» **Your instructions**:
Take the entries below and reproduce them word for word.

» **Available data**:
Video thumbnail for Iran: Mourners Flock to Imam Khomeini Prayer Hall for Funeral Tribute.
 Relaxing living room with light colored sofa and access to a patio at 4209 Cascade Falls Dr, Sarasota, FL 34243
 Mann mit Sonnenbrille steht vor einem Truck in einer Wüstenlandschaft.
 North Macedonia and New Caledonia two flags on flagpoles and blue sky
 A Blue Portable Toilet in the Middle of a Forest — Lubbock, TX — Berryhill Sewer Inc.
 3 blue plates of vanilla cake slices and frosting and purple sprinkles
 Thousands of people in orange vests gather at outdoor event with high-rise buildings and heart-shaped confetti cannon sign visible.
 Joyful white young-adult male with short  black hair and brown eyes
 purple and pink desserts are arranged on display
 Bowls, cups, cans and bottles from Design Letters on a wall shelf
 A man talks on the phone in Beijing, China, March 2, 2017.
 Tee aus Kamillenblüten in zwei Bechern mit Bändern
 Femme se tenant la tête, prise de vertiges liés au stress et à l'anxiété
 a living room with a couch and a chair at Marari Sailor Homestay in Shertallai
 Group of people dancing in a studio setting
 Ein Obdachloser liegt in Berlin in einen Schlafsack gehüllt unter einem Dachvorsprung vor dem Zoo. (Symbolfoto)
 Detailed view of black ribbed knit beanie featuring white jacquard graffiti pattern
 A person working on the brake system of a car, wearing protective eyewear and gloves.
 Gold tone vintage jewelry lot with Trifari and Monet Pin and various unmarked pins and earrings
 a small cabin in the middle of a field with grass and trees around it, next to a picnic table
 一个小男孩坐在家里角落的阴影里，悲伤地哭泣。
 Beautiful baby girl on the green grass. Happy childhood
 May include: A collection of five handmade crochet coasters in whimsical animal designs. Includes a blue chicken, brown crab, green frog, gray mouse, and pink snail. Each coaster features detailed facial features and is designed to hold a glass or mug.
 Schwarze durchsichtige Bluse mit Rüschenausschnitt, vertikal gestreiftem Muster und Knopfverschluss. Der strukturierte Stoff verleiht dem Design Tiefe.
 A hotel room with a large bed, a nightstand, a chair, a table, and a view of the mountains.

» **Result for this exercise**:
Video thumbnail for Iran: Mourners Flock to Imam Khomeini Prayer Hall for Funeral Tribute.
 Relaxing living room with light colored sofa and access to a patio at 4209 Cascade Falls Dr, Sarasota, FL 34243
 Mann mit Sonnenbrille steht vor einem Truck in einer Wüstenlandschaft.
 North Macedonia and New Caledonia two flags on flagpoles and blue sky
 A Blue Portable Toilet in the Middle of a Forest — Lubbock, TX — Berryhill Sewer Inc.
 3 blue plates of vanilla cake slices and frosting and purple sprinkles
 Thousands of people in orange vests gather at outdoor event with high-rise buildings and heart-shaped confetti cannon sign visible.
 Joyful white young-adult male with short  black hair and brown eyes
 purple and pink desserts are arranged on display
 Bowls, cups, cans and bottles from Design Letters on a wall shelf
 A man talks on the phone in Beijing, China, March 2, 2017.
 Tee aus Kamillenblüten in zwei Bechern mit Bändern
 Femme se tenant la tête, prise de vertiges liés au stress et à l'anxiété
 a living room with a couch and a chair at Marari Sailor Homestay in Shertallai
 Group of people dancing in a studio setting
 Ein Obdachloser liegt in Berlin in einen Schlafsack gehüllt unter einem Dachvorsprung vor dem Zoo. (Symbolfoto)
 Detailed view of black ribbed knit beanie featuring white jacquard graffiti pattern
 A person working on the brake system of a car, wearing protective eyewear and gloves.
 Gold tone vintage jewelry lot with Trifari and Monet Pin and various unmarked pins and earrings
 a small cabin in the middle of a field with grass and trees around it, next to a picnic table
 一个小男孩坐在家里角落的阴影里，悲伤地哭泣。
 Beautiful baby girl on the green grass. Happy childhood
 May include: A collection of five handmade crochet coasters in whimsical animal designs. Includes a blue chicken, brown crab, green frog, gray mouse, and pink snail. Each coaster features detailed facial features and is designed to hold a glass or mug.
 Schwarze durchsichtige Bluse mit Rüschenausschnitt, vertikal gestreiftem Muster und Knopfverschluss. Der strukturierte Stoff verleiht dem Design Tiefe.
 A hotel room with a large bed, a nightstand, a chair, a table, and a view of the mountains.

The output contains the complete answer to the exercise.